### Aim of the task:
Copy whichever lines of the data hold the word "iPhone".

Records from a dataset
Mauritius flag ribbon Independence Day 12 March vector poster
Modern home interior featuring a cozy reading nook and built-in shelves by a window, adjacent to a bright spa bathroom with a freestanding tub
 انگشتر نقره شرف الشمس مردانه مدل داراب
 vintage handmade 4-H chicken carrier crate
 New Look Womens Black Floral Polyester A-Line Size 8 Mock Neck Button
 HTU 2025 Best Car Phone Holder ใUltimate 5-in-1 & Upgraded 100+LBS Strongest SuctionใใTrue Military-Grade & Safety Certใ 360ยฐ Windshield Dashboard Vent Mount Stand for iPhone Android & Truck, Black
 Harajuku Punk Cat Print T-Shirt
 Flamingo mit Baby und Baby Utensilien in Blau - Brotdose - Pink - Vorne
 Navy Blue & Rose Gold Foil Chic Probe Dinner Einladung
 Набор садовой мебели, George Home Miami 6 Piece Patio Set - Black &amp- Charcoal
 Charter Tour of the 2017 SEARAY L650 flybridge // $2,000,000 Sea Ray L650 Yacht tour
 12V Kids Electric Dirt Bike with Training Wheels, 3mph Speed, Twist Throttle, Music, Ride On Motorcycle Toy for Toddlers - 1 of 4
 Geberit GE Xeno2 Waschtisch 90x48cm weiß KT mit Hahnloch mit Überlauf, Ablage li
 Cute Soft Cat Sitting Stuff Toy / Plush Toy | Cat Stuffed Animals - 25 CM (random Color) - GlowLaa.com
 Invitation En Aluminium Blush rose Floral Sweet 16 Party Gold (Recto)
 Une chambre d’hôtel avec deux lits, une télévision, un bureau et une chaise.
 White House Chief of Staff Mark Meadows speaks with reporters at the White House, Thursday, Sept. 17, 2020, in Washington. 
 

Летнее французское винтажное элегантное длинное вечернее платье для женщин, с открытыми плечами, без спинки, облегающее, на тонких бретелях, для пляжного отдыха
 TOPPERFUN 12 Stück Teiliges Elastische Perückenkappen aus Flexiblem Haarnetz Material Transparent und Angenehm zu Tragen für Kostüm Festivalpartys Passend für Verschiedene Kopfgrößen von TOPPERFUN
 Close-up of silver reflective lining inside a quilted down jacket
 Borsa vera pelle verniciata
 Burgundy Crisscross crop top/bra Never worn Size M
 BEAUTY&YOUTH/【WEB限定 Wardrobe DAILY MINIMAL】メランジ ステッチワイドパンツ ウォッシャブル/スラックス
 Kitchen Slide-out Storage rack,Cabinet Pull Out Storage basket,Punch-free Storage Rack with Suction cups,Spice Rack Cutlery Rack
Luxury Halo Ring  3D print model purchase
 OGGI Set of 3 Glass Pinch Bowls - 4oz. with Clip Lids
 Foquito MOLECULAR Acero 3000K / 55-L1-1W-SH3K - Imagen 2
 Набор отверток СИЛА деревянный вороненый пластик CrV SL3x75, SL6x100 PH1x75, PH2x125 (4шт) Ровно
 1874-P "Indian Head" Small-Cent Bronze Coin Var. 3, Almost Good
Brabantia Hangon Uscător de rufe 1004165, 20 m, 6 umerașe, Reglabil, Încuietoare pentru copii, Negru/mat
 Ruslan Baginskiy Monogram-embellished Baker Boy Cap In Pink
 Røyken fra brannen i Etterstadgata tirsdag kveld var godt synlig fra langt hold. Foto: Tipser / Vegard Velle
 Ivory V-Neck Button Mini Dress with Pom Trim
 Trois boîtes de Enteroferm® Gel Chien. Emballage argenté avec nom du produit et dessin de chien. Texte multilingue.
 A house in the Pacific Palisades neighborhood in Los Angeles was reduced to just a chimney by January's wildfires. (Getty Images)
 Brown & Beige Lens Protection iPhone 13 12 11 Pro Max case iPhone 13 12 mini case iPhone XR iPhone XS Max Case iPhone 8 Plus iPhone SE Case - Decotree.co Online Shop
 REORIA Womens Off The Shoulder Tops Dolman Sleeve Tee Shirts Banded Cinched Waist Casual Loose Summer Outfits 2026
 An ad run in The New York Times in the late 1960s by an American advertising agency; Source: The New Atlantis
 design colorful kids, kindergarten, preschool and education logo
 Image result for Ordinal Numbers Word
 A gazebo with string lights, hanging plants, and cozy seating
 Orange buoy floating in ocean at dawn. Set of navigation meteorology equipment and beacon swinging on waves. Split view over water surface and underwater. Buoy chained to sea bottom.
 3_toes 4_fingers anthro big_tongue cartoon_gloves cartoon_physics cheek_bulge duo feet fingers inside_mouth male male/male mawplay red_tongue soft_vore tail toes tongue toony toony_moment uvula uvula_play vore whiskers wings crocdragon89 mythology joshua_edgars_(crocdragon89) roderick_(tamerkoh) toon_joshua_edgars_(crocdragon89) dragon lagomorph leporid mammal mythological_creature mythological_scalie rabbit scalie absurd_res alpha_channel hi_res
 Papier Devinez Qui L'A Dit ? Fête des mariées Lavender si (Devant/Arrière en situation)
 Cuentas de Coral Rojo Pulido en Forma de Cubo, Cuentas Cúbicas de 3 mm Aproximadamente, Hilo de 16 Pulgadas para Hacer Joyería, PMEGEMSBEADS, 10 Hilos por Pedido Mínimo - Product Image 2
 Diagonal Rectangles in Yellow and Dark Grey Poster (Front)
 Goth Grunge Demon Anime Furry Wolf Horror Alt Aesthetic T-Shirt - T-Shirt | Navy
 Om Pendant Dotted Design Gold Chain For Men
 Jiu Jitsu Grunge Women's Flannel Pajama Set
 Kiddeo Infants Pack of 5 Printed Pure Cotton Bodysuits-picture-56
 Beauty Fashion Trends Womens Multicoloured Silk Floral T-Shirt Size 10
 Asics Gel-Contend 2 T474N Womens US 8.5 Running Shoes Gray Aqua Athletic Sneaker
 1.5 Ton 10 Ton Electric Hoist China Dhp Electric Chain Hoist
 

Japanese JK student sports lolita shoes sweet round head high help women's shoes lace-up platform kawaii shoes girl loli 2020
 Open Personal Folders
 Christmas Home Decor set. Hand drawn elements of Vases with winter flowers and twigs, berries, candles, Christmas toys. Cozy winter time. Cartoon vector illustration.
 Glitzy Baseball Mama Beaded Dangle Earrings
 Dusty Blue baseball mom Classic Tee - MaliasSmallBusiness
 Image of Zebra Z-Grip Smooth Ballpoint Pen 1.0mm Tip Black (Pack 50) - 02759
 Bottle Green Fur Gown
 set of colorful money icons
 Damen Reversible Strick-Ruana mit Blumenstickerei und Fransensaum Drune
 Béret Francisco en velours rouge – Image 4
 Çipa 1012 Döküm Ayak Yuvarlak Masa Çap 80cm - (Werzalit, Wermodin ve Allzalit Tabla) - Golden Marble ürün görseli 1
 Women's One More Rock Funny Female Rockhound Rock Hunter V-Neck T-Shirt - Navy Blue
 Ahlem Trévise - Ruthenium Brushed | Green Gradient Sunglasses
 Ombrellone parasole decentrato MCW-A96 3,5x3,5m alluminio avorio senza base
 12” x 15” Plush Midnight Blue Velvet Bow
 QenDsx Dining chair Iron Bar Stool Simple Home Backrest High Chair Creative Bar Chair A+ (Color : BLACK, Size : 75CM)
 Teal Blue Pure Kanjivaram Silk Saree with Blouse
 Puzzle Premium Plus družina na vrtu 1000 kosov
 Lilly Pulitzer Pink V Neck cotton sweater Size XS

### Answer to the problem:
 HTU 2025 Best Car Phone Holder ใUltimate 5-in-1 & Upgraded 100+LBS Strongest SuctionใใTrue Military-Grade & Safety Certใ 360ยฐ Windshield Dashboard Vent Mount Stand for iPhone Android & Truck, Black
 Brown & Beige Lens Protection iPhone 13 12 11 Pro Max case iPhone 13 12 mini case iPhone XR iPhone XS Max Case iPhone 8 Plus iPhone SE Case - Decotree.co Online Shop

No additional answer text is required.